Real Estate Agent Expenses You Should Be Meticulously Tracking
If you aren’t tracking your business expenses or waiting to the last minute to recreate a year’s worth of traveled miles, phone bills, office supplies purchased, or any other deductible expenses, you may be missing out on significant savings.
Expense Tracking for Agents
Whether you’re self-employed or working for a brokerage from your home office, there are a number of expenses you should be tracking. And, with a smartphone and the wide variety of available expense tracking apps such as BizXpenseTracker, Expensify, Shoeboxed, etc. capturing these expenses has never been easier. Don’t wait to the eleventh hour. Start tracking these expenses now:
Cost of Doing Business
Maintaining a home office, computer equipment, and cell phone expenses are some of the expenses you may be able to deduct.
- Home office – As a sole proprietor, your home office must be your principal place of work and used exclusively for business. If you are an employee using a home office, you may qualify for a deduction if the space is used for the convenience of your employer. To calculate the size of your home office deduction use the total square footage of your home / divided square footage used as an office = the percentage of direct and indirect expenses (rent, utilities, insurance, repairs, etc.) that can be deducted.
- Business insurance – Health insurance, business auto may be deductible.
- Professional services – Includes outside consulting fees, accountant, tax prep, etc.
- Office supplies – Paper, pens, printer ink, folders, and binders purchased throughout the year. Does not include items purchased and used as promotional items.

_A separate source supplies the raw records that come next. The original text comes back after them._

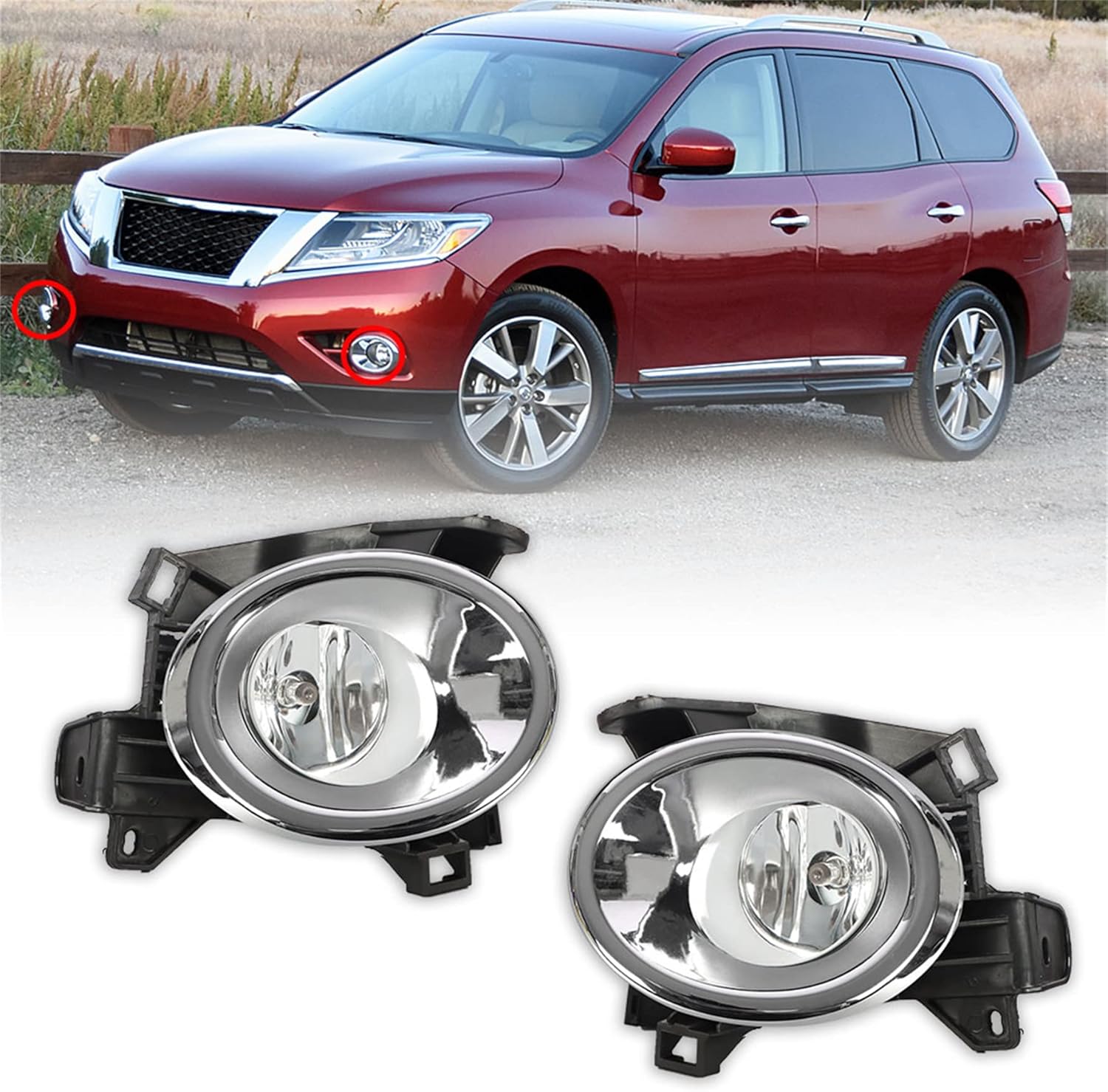 munirater 2-Pack Clear Lens Bumper Fog Light Lamps Assembly w/Bezel + Switch Kit Replacement for Pathfinder 2013-2016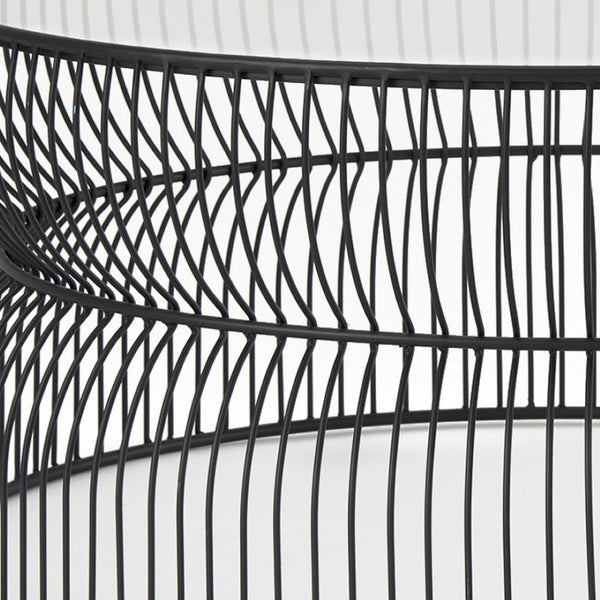 Homeroots 30" Stylish Black And Clear Glass Coffee Table With Iron Frame - Modern Round Design For Any Space   596409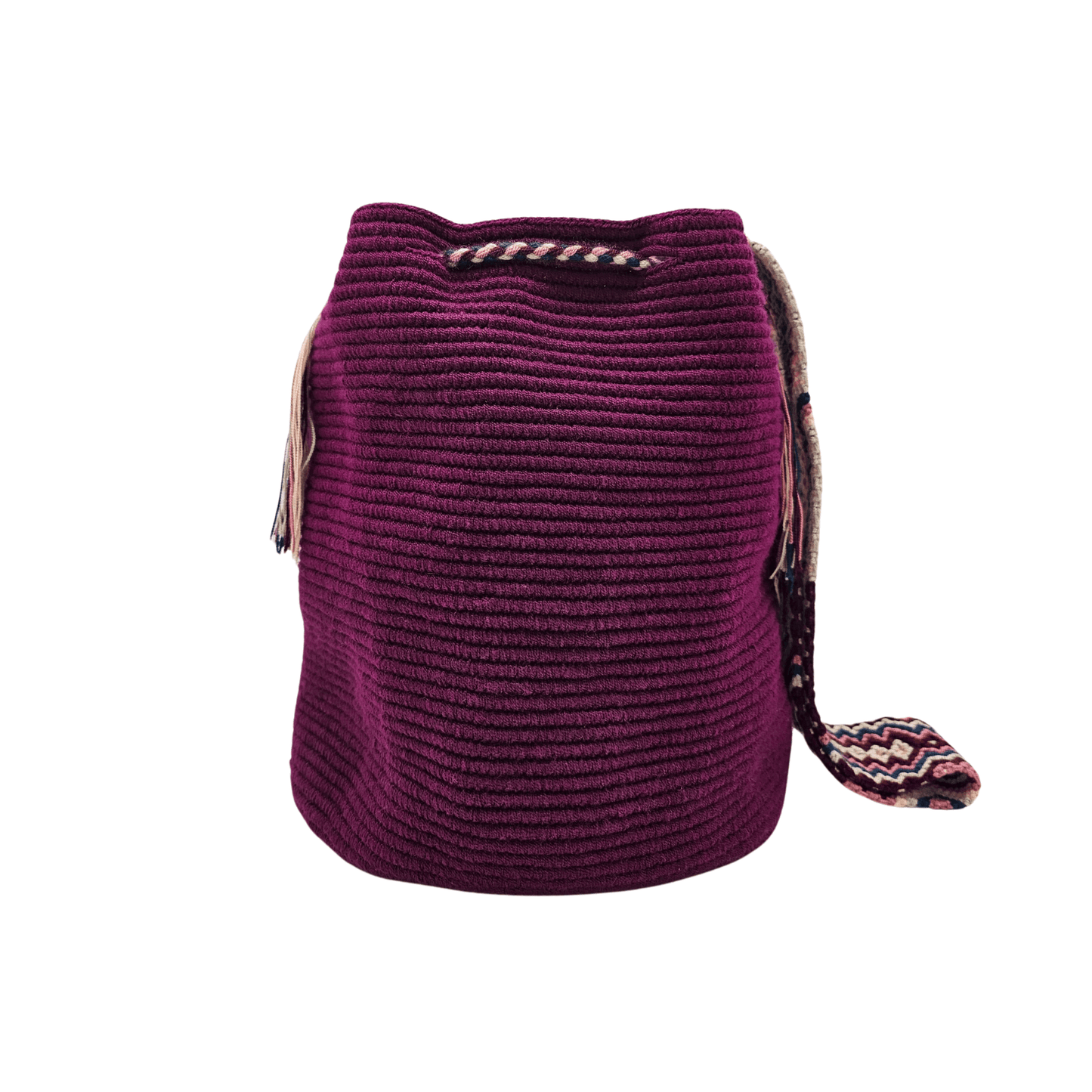 Handmade Wayuu bag in rich wine color with intricate woven details. Features a braided drawstring with multicolor tassels and a patterned strap in pink, navy, and beige.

- Computer, tablet, business furniture, and other equipment – Depreciation for capital equipment has dropped from 50 percent to 40 for 2018. This deduction will no longer be available beginning in 2019.
- Software – You may deduct the full cost of small business software.
- Cell phone/cell plan – Deduct for exclusive business phone and the cost of calls.
- Vehicle and mileage – You may choose between deducting your actual vehicle expenses — gasoline, maintenance, parking, tolls — or use the IRS standard mileage rate of 54.5 cents per mile.
- Meals – Take 50% of business related meals.
- Photocopying and printing
- Bank charges – Fees charged to your business account may be deductible
- Courier services – Shipping expenses directly related to your business
Sales & Marketing Expenses
So much of your day is focused on finding new business. Many of the costs associated with developing new business are often deductible. These include:
- Advertising, including, signs, flyers, brochures, door knockers, etc.
- Business cards
- Client gifts
- Open houses
- Website design and development
You may deduct the cost of business-related educational events including seminars, conferences, and workshops.
The Trump administration’s Tax Reform Act was passed in December of 2017 and went into effective as of January 29, 2018. The fast implementation of the new bill has raised many questions, which even the IRS has yet to completely answer.
For example, as part of the new law, rules regarding pass through businesses including sole proprietorships, partnerships, LLCs and S-Corps, may now be eligible to deduct a full 20% of their “qualified business income.”
We are not tax professionals, so for more details, consult with your accountant, tax professional, or visit IRS.gov , to see if you qualify and confirm that all the expenses you’re deducting are applicable prior to filing your return.
You work hard throughout the year and spend to invest in the success of your business. You deserve to take the legitimate deductions available to you. Track the above expenses. It won’t hurt, even if you find that some may no longer be deductible. When tax time comes, the last thing you want to do is leave money on the table.